Weit schwerwiegender aber wäre die Tatsache, wenn nun auch in bezug auf den Getreideimport, der nach der Erklärung vom 28. Juni a.c. gegenüber der Einfuhr von Ende Mai a.c. eine beträchtliche Steigerung erfahren würde, noch weitere Abstriche an den vereinbarten Kontingenten vorgenommen würden. Wie bereits erwähnt, nahmen an den Verhandlungen, die dazu geführt haben, Ungarn ein Getreidekontingent von insgesamt 67 500 Tonnen Getreide zuzusprechen, die von Mitte Juli 1932 bis Ende Februar 1933 zur Einfuhr gelangen sollten, neben Herrn Dr.Vieli als Vertreter des Eidg. Volkswirtschaftsdepartements, auch die eingangs genannten Herren Böhi, Wehrli, Dr. Fleischmann, und Liechti als Sachverständige der Eidg. Getreideverwaltung, teil. Diese Verhandlungen konnten nur unter der Bedingung zu einem günstigen Abschluss geführt werden, dass die Schweiz zur Bezahlung eines kleinen Überpreises auf den Weltmarktpreis der betr. Qualität Getreide einwilligte. Die Grundlage der Verhandlungen bildete die Erklärung von Herrn Dr. Vieli, Vertreter des Eidg. Volkswirtschaftsdepartementes, gemäss welcher man in Bern mit der Bezahlung eines Überpreises unter der Voraussetzung einverstanden sei, dass dadurch der gegenwärtige Brotpreis keine Erhöhung erfahre. Diese Stellungnahme Berns wurde damit begründet, dass die derzeitigen Getreidepreise einen Brotpreisabschlag ermöglichen würden. Der Ungarn zu bewilligende Überpreis stellt somit nach den Erklärungen des behördlichen Vertreters und der Sachverständigen eine ungefähre Kompensation des bestehenden, im Brotpreis aber noch nicht eskomptierten Rückganges des Getreidepreises dar.

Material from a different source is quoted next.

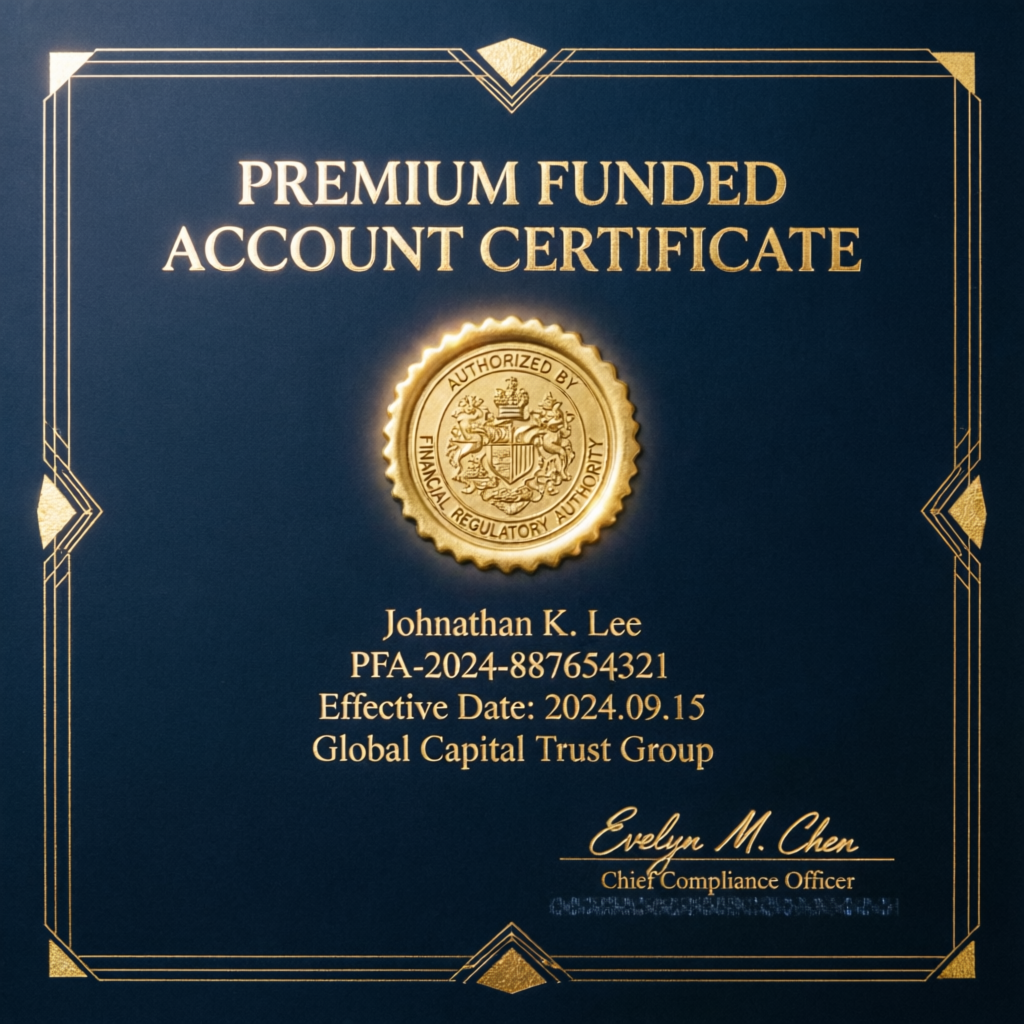Premium funded account certificate representing successful prop firm challenge completion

Während bei der Abklärung der Frage über die Begrenzung dieses Preiszuschlages die Sachverständigen der Ansicht waren, dass eine Überzahlung des ungarischen Getreides in der Höhe von Fr. 2.50 pro 100 Kilogramm auf der Basis eines Grundpreises von Fr. 13.75 pro 100 Kilogramm Manitoba II Atlantic den Brotpreis in der Schweiz nicht erhöhen würde, vertraten die schweizerischen Unterhändler den Standpunkt, dass zur Wahrung aller Vorsicht der Grundpreis des Getreides maximal auf Fr. 12.50 pro 100 Kilogramm festgesetzt werden soll. Auf diese Weise soll unter allen Umständen verhindert werden, dass lediglich wegen der Abnahme ungarischen Getreides eine Steigerung des Brotpreises eintrete. Es blieb somit seitens der schweizerischen Unterhändler nichts unversucht, die Interessen unseres Landes in weitgehendstem Masse zu wahren. Dies berechtigt wohl zur Annahme, dass es nicht allzu schwer fallen sollte, eine loyale Einhaltung der Versprechen, die den ungarischen Vertretern mitgegeben wurden, zuzusichern. Andernfalls würde die Lage im Clearingverkehr mit Ungarn für die Schweiz auf die Dauer nachgerade unhaltbar werden, und es bliebe alsdann als einziger Ausweg aus der heutigen Situation die Kündigung des Abkommens, zu dessen Liquidierung aber wiederum eine Reihe beträchtlicher Schwierigkeiten zu überwinden wären. Die Kündigung wäre aber einer nochmaligen Verschlechterung des Abkommens bei weitem vorzuziehen.
Wir bitten Sie, hochgeachteter Herr Bundesrat, diesen dargelegten Tatsachen Ihre volle Aufmerksamkeit zu schenken und Ihren Einfluss im Hinblick auf die für den Abschluss des redigierten Abkommens erforderlichen Beschlüsse im Sinne der Genehmigung der Vorschläge der schweizerischen Unterhändler geltend machen zu wollen.